(PROBLEM DESCRIPTION) Output the records exactly as they appear, with no pictures included.

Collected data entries
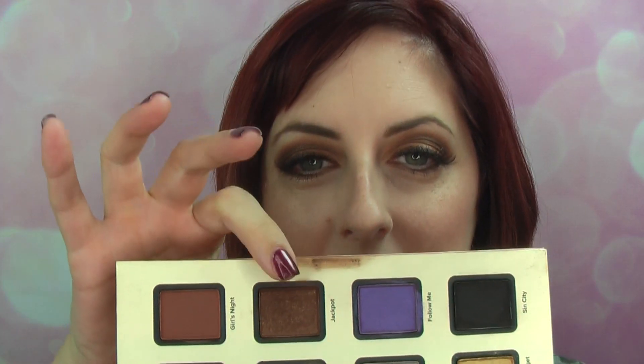For my eye look today I used the Too Faced Vegas Nay Stardust palette. On my lid I put the color Millennial, which is a really pretty peach-brown matte. In the crease I put Girls Night, which is a rosy, rusty brown matte. I applied that in the upper crease because I wanted to put another color in the inner crease — that color is called Jackpot. Jackpot produced major fallout all over my palette when I dipped my brush in.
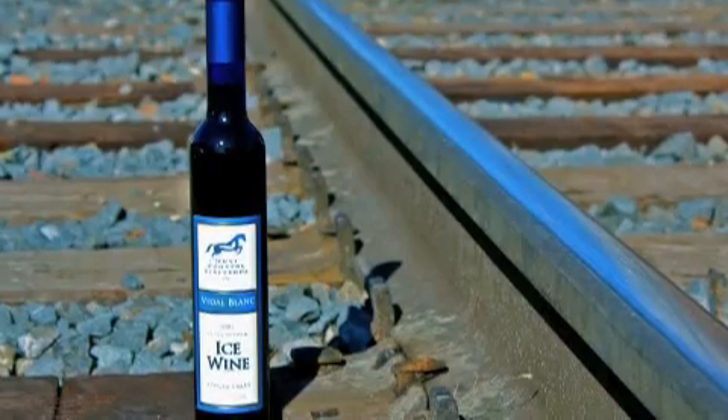2007 ice wine by Hunt Country Vineyards. This comes to us from the Finger Lakes region of New York. Infatuation — does it have a smell? I think it does. And I think this is it. Honeyed peach puree. Candied cranberry sauce. With velvet viscosity. And creamed vibrance. It's settled — this wine has me completely infatuated. Cheers to some damn good ice wine.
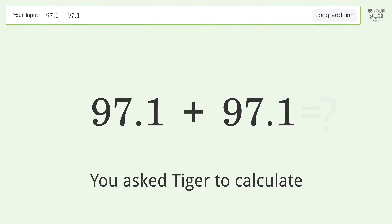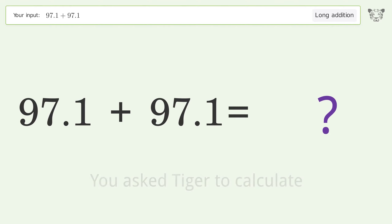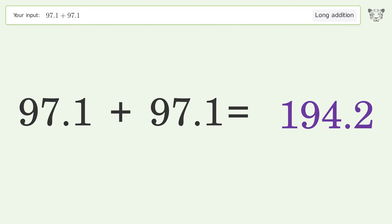You asked Tiger to calculate. This deals with long addition — the final result is 194.2.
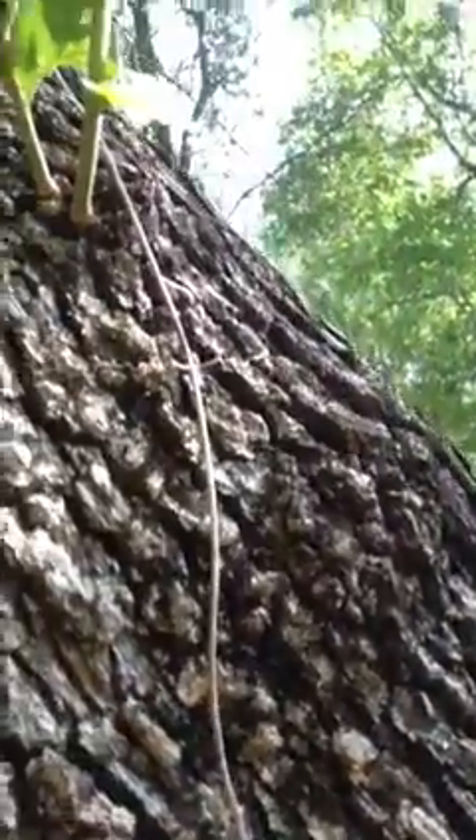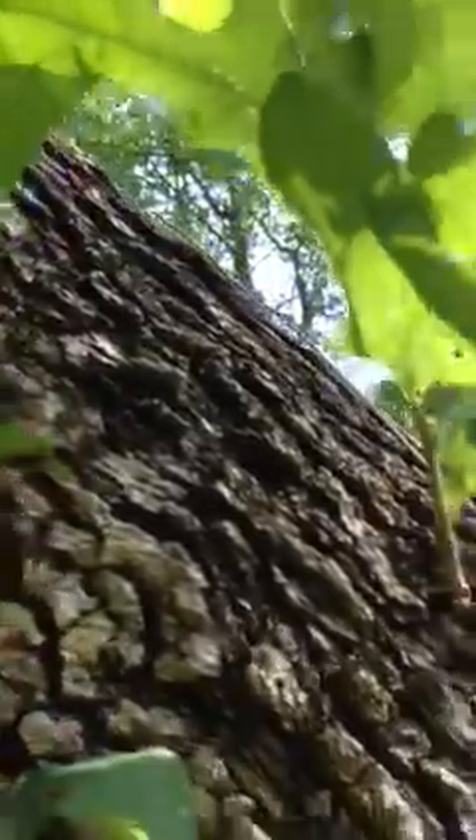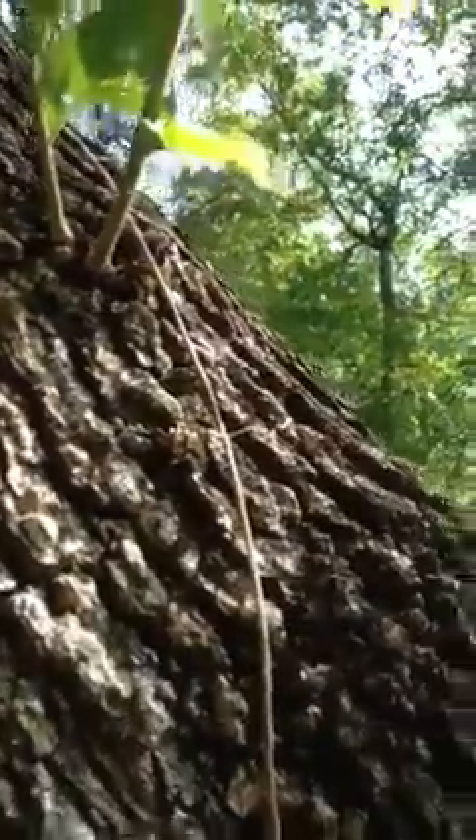I noticed this little vine right here has got some tendrils. You can see they're kind of curly right over here. And if I pull, they're not coming off of the tree very easily. You can see that they've attached themselves and they're climbing all the way up to get to that sunlight. You can see some more tendrils right here grabbing onto the tree.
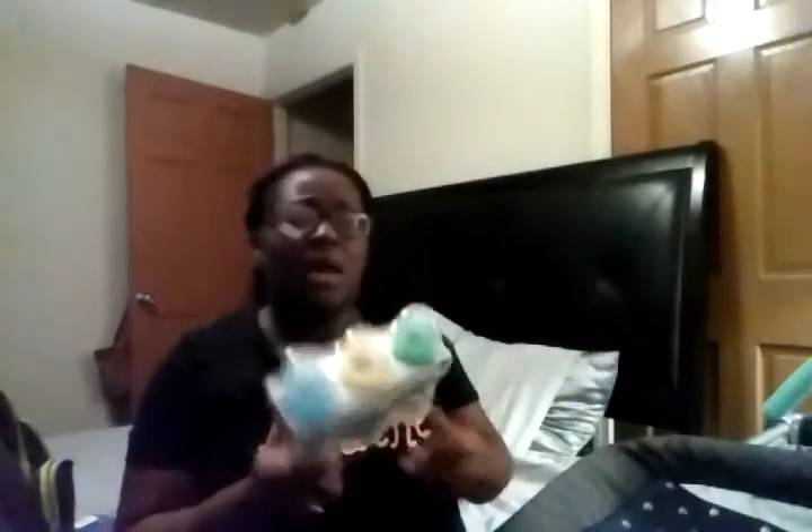The next thing I got is these baby bottles — they were about two dollars and some change. They have purple in them, which is cute, but it doesn't really matter. I'm going to go back and buy more bottles; these were just for the beginning.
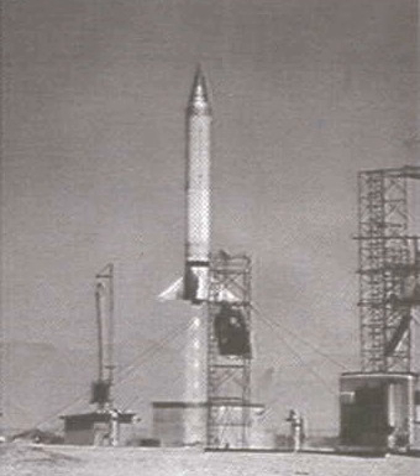Two additional Viking airframes, similar to Vikings 9 through 12, were flown as test vehicles for Project Vanguard. Both were launched from Cape Canaveral, on 8 December 1956 and 1 May 1957, and were designated Vanguard TV-0 and Vanguard TV-1 respectively.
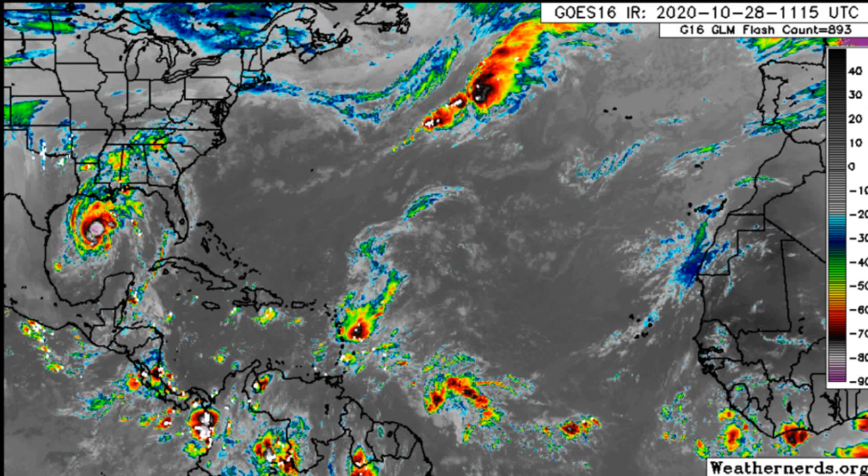Hello everyone, this is Pal Ponder on Weather coming at you with another video. In this update, I'm going to be talking about our next tropical storm that looks to bring more trouble for the Caribbean and unfortunately, more flooding rains for the island of Jamaica.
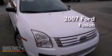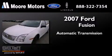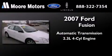This is a 2007 Ford Fusion. This four-door sedan has an automatic transmission and an inline four-cylinder engine.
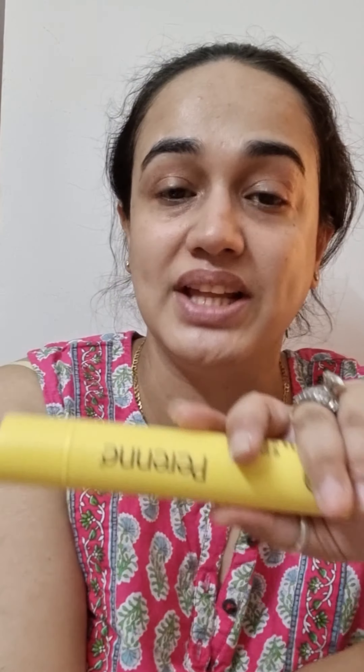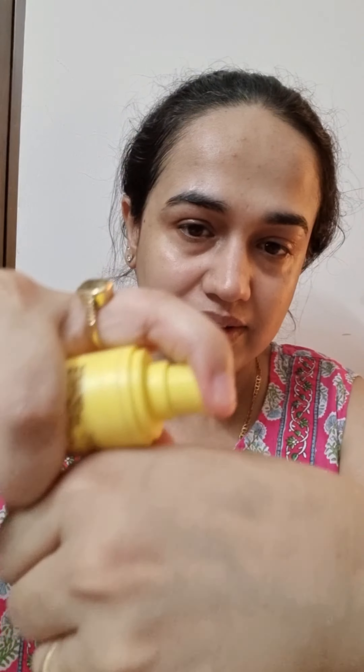Last but not the least, S is for Sunscreen, and I'm using the Prenez Invisible Sunscreen. Please like my videos, share, and subscribe to my channel. Thank you for watching.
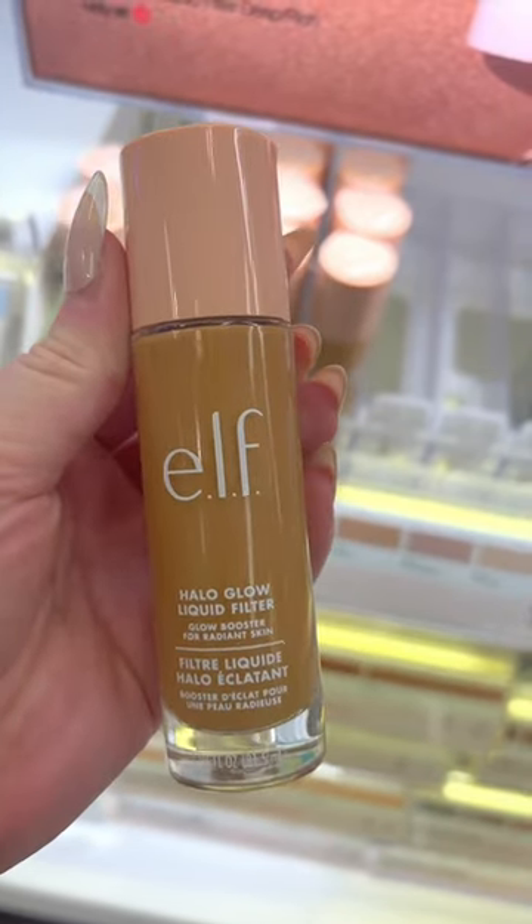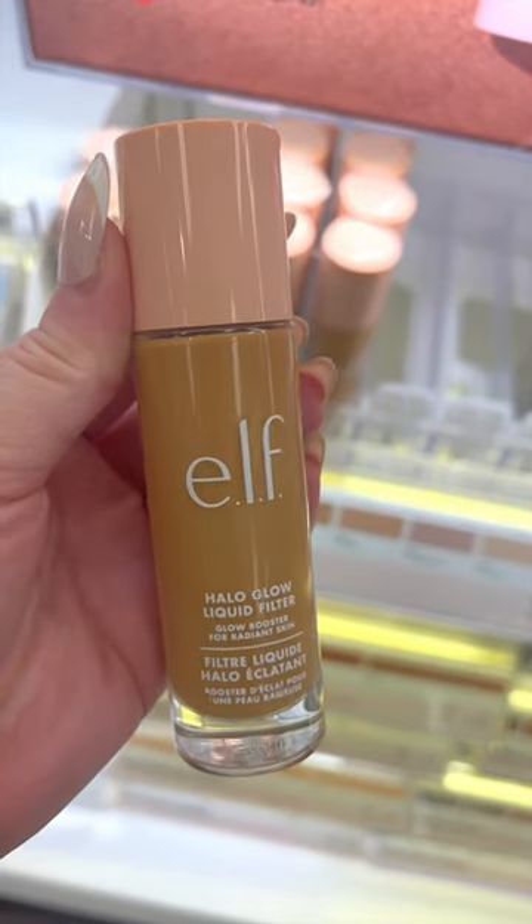Pretty sure the Elf Halo Glow Liquid Filter is my favorite drugstore product of all time. It is so good, so glowy, you need it.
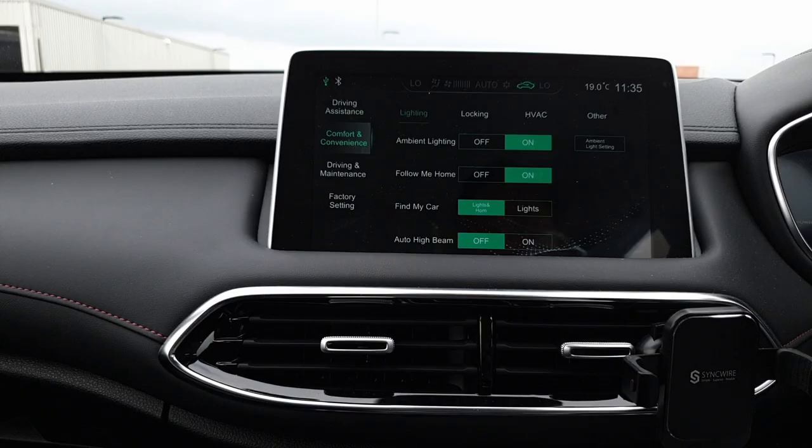You can cycle through colours including blue, pink, green, purple, and red. The follow-me-home function leaves your headlights on briefly after you leave the car so you can see in the dark. The find-my-car function blinks the lights and sounds the horn via the key fob to help you locate your car.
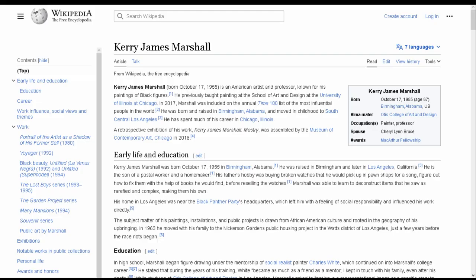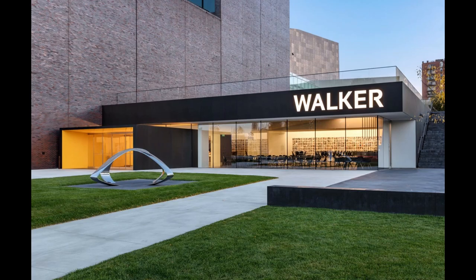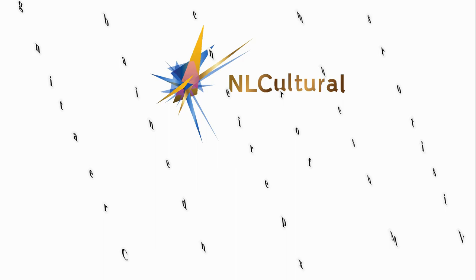Marshall's paintings often explode with color, while their central protagonists are always painted with deep, unequivocal black pigments.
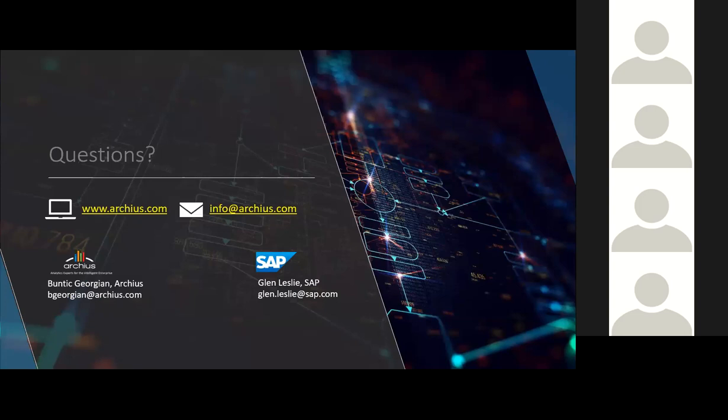Thanks so much — we hope everyone found today's webinar helpful. We'll go ahead and unmute everyone's line for questions. If you prefer to ask questions through the chat or Q&A window, you can do that and the speakers will make sure to answer those questions along with the ones that were asked during the webinar.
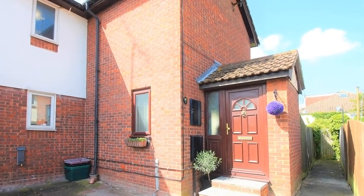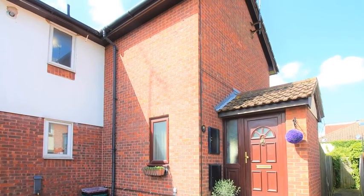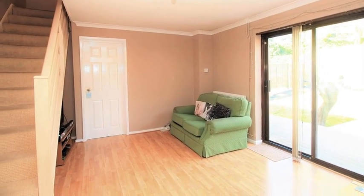Situated at the start of a quiet development is this charming two-bedroom semi-detached starter home. Internally, the accommodation offers an open-plan lounge diner, which benefits from sliding patio doors leading to the rear.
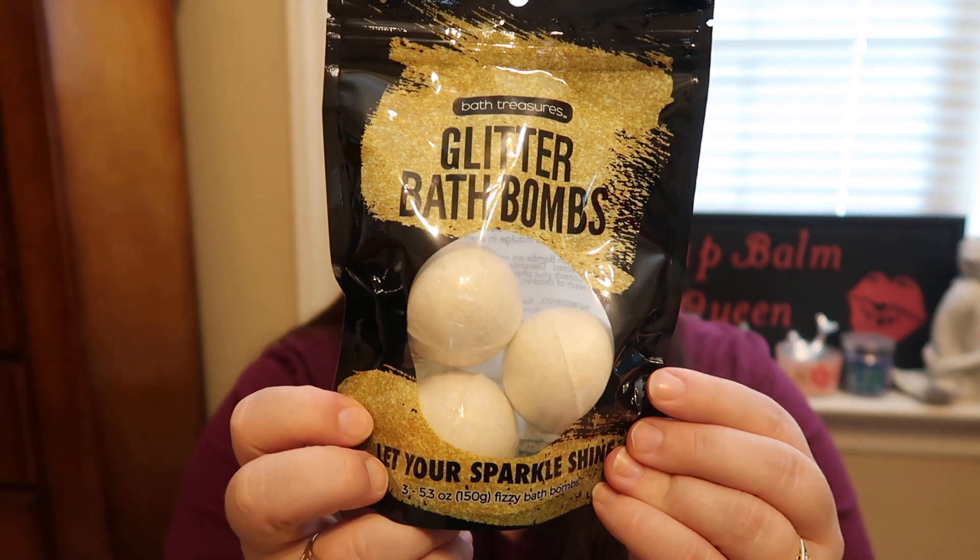The first item I picked up from Dollar Tree is from the brand Bath Treasures — the glitter bath bombs. It says 'Let your sparkle shine' and you get three fizzy bath bombs. These are distributed by Blue Cross Laboratories out of California, so these are not the Greenbrier brand like you see in Dollar Tree now. But I'm really excited to try those out.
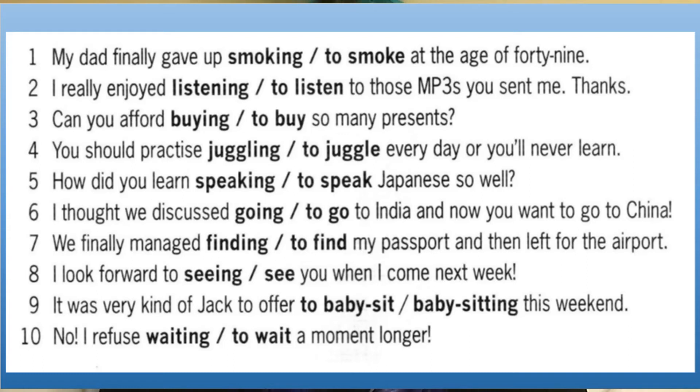You should practice juggling every day or you'll never learn. We use -ing because we're describing the activity — juggling is the subject of the sentence, so it needs to be a noun. How did you learn to speak Japanese so well? Remember our earlier example: learn to do something. I thought we discussed going to India and now you want to go to China. We would use 'going' because we're talking about a previous activity — something that happened in the past, so we use -ing.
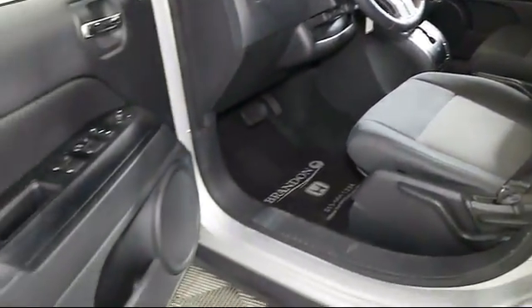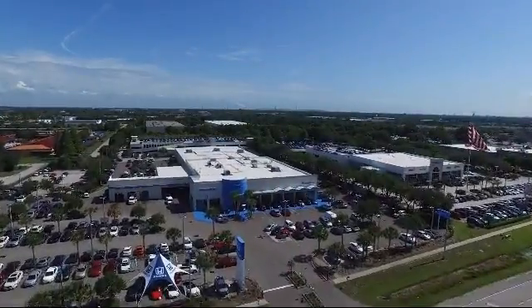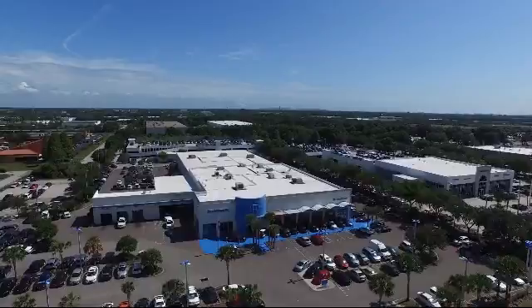Come visit us today and see what so many others have experienced here at Brandon Honda. We're located at 9209 East Atomo Drive in Tampa.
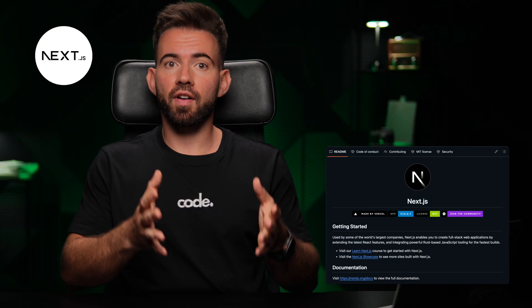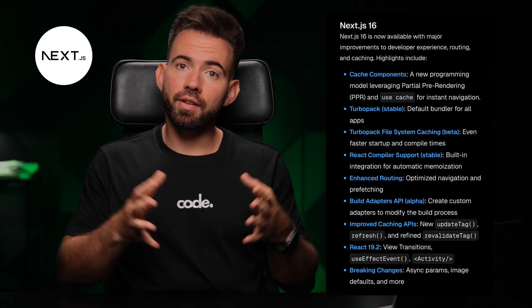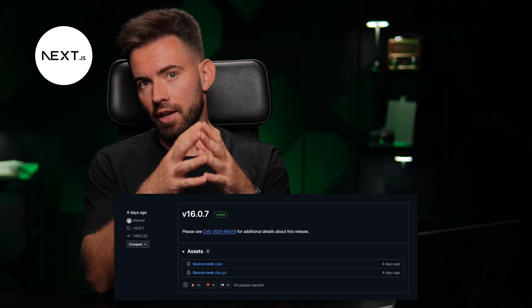Next.js. Next.js is evolving fast. We got separate components, layout, caching layers. What's in the repo helps us stay ahead of the curve and follow the next releases.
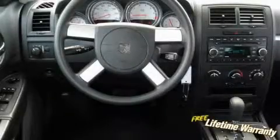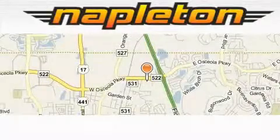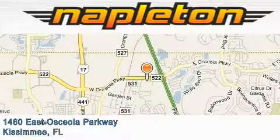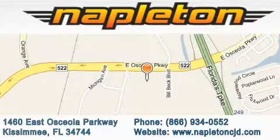Please call us today for more information on this great vehicle. Napleton Chrysler Jeep Dodge is located at 1460 East Osceola Parkway in Kissimmee. Our goal is to exceed all of your expectations to ensure that you'll return for future visits.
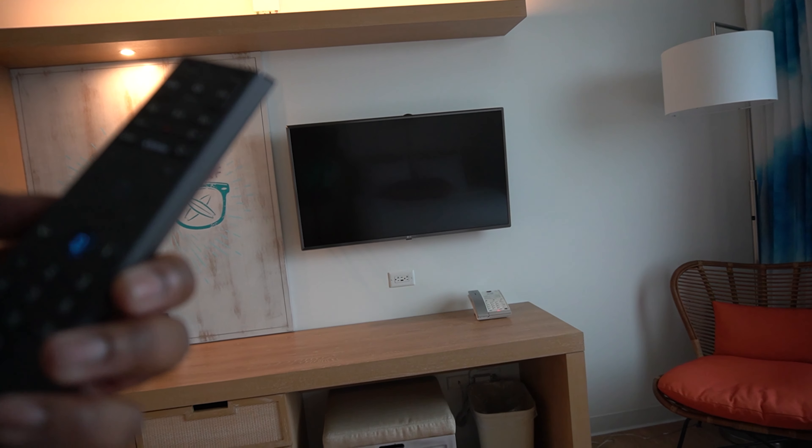This is going to bother me. Find the Disney Channel. Find the Disney Channel. I'm not surprised. Find Cartoon Network. Well, it's not a complete fail.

(RESPONSE TO THIS EXERCISE)
For my eye look today I used the Too Faced Vegas Nay Stardust palette. On my lid I put the color Millennial, which is a really pretty peach-brown matte. In the crease I put Girls Night, which is a rosy, rusty brown matte. I applied that in the upper crease because I wanted to put another color in the inner crease — that color is called Jackpot. Jackpot produced major fallout all over my palette when I dipped my brush in.
2007 ice wine by Hunt Country Vineyards. This comes to us from the Finger Lakes region of New York. Infatuation — does it have a smell? I think it does. And I think this is it. Honeyed peach puree. Candied cranberry sauce. With velvet viscosity. And creamed vibrance. It's settled — this wine has me completely infatuated. Cheers to some damn good ice wine.
You asked Tiger to calculate. This deals with long addition — the final result is 194.2.
I noticed this little vine right here has got some tendrils. You can see they're kind of curly right over here. And if I pull, they're not coming off of the tree very easily. You can see that they've attached themselves and they're climbing all the way up to get to that sunlight. You can see some more tendrils right here grabbing onto the tree.
The next thing I got is these baby bottles — they were about two dollars and some change. They have purple in them, which is cute, but it doesn't really matter. I'm going to go back and buy more bottles; these were just for the beginning.
Two additional Viking airframes, similar to Vikings 9 through 12, were flown as test vehicles for Project Vanguard. Both were launched from Cape Canaveral, on 8 December 1956 and 1 May 1957, and were designated Vanguard TV-0 and Vanguard TV-1 respectively.
Hello everyone, this is Pal Ponder on Weather coming at you with another video. In this update, I'm going to be talking about our next tropical storm that looks to bring more trouble for the Caribbean and unfortunately, more flooding rains for the island of Jamaica.
This is a 2007 Ford Fusion. This four-door sedan has an automatic transmission and an inline four-cylinder engine.
Last but not the least, S is for Sunscreen, and I'm using the Prenez Invisible Sunscreen. Please like my videos, share, and subscribe to my channel. Thank you for watching.
Pretty sure the Elf Halo Glow Liquid Filter is my favorite drugstore product of all time. It is so good, so glowy, you need it.
You can cycle through colours including blue, pink, green, purple, and red. The follow-me-home function leaves your headlights on briefly after you leave the car so you can see in the dark. The find-my-car function blinks the lights and sounds the horn via the key fob to help you locate your car.
Marshall's paintings often explode with color, while their central protagonists are always painted with deep, unequivocal black pigments.
Thanks so much — we hope everyone found today's webinar helpful. We'll go ahead and unmute everyone's line for questions. If you prefer to ask questions through the chat or Q&A window, you can do that and the speakers will make sure to answer those questions along with the ones that were asked during the webinar.
Situated at the start of a quiet development is this charming two-bedroom semi-detached starter home. Internally, the accommodation offers an open-plan lounge diner, which benefits from sliding patio doors leading to the rear.
The first item I picked up from Dollar Tree is from the brand Bath Treasures — the glitter bath bombs. It says 'Let your sparkle shine' and you get three fizzy bath bombs. These are distributed by Blue Cross Laboratories out of California, so these are not the Greenbrier brand like you see in Dollar Tree now. But I'm really excited to try those out.
You should practice juggling every day or you'll never learn. We use -ing because we're describing the activity — juggling is the subject of the sentence, so it needs to be a noun. How did you learn to speak Japanese so well? Remember our earlier example: learn to do something. I thought we discussed going to India and now you want to go to China. We would use 'going' because we're talking about a previous activity — something that happened in the past, so we use -ing.
Come visit us today and see what so many others have experienced here at Brandon Honda. We're located at 9209 East Atomo Drive in Tampa.
Next.js. Next.js is evolving fast. We got separate components, layout, caching layers. What's in the repo helps us stay ahead of the curve and follow the next releases.
Please call us today for more information on this great vehicle. Napleton Chrysler Jeep Dodge is located at 1460 East Osceola Parkway in Kissimmee. Our goal is to exceed all of your expectations to ensure that you'll return for future visits.
This is going to bother me. Find the Disney Channel. Find the Disney Channel. I'm not surprised. Find Cartoon Network. Well, it's not a complete fail.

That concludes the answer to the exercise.